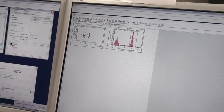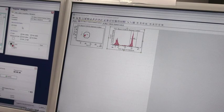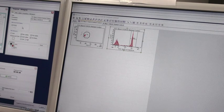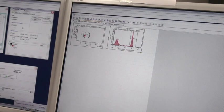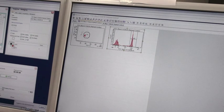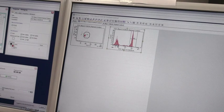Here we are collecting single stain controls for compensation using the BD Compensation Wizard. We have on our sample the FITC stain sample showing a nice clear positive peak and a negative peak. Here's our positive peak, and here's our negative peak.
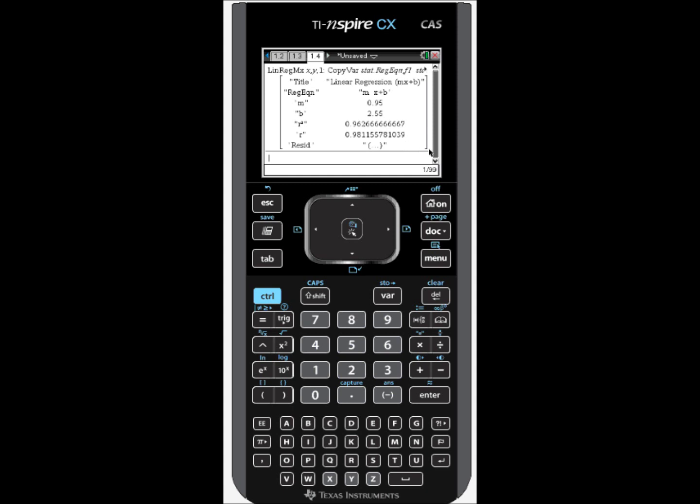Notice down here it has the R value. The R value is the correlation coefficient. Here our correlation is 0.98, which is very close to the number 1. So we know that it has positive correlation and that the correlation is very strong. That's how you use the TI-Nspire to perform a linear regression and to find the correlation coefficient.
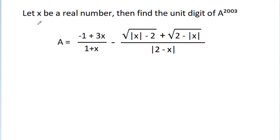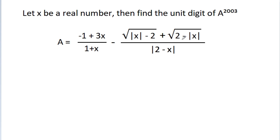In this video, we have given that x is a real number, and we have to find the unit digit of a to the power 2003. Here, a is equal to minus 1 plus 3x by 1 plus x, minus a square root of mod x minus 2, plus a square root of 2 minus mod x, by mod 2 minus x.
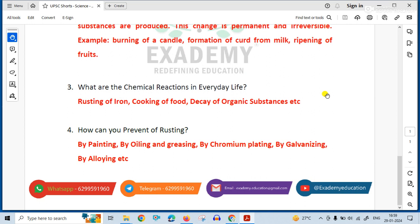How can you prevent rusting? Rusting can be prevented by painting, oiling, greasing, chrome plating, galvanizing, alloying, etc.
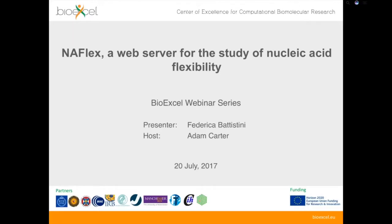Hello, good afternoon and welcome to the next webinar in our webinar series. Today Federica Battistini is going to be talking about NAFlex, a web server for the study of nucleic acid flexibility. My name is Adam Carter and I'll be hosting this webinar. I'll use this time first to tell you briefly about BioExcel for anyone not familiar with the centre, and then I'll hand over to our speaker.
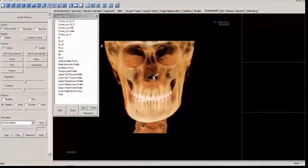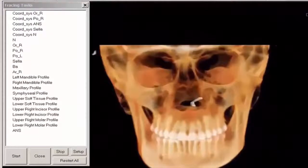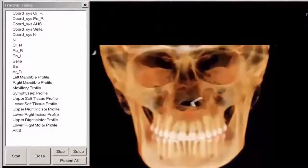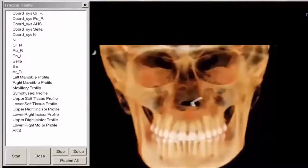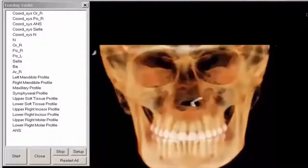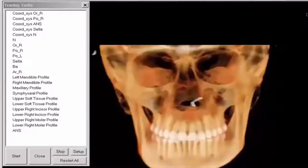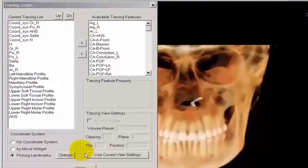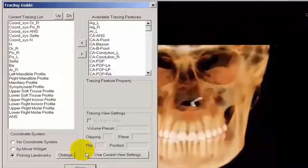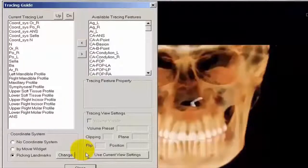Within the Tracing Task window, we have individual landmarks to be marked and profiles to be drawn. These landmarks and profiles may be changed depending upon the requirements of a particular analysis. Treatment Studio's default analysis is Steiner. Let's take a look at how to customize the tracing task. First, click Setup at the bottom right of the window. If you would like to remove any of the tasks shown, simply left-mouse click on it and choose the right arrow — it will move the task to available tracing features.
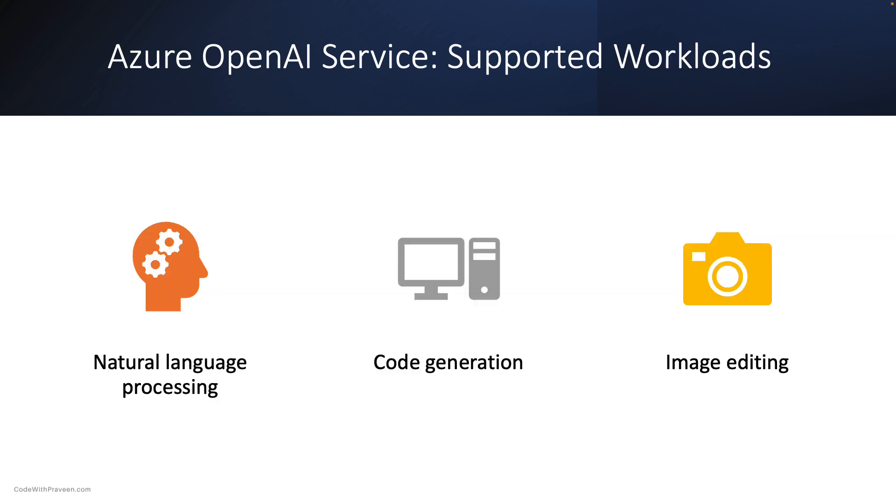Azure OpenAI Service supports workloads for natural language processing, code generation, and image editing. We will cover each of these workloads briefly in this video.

==

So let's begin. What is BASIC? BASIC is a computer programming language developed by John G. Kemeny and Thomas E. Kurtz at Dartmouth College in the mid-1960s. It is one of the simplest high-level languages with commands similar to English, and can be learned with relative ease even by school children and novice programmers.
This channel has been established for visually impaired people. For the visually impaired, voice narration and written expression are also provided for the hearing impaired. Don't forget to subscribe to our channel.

---

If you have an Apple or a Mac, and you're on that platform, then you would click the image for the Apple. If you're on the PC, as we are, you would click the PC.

• [Try it]
Give back, exactly and without pictures, the stretch of the records above from the line containing "Here we are" through the line containing "In this video, we", with both end lines included.

• [Your solution]
Here we are collecting single stain controls for compensation using the BD Compensation Wizard. We have on our sample the FITC stain sample showing a nice clear positive peak and a negative peak. Here's our positive peak, and here's our negative peak.
Notice down here it has the R value. The R value is the correlation coefficient. Here our correlation is 0.98, which is very close to the number 1. So we know that it has positive correlation and that the correlation is very strong. That's how you use the TI-Nspire to perform a linear regression and to find the correlation coefficient.
In this video, we have given that x is a real number, and we have to find the unit digit of a to the power 2003. Here, a is equal to minus 1 plus 3x by 1 plus x, minus a square root of mod x minus 2, plus a square root of 2 minus mod x, by mod 2 minus x.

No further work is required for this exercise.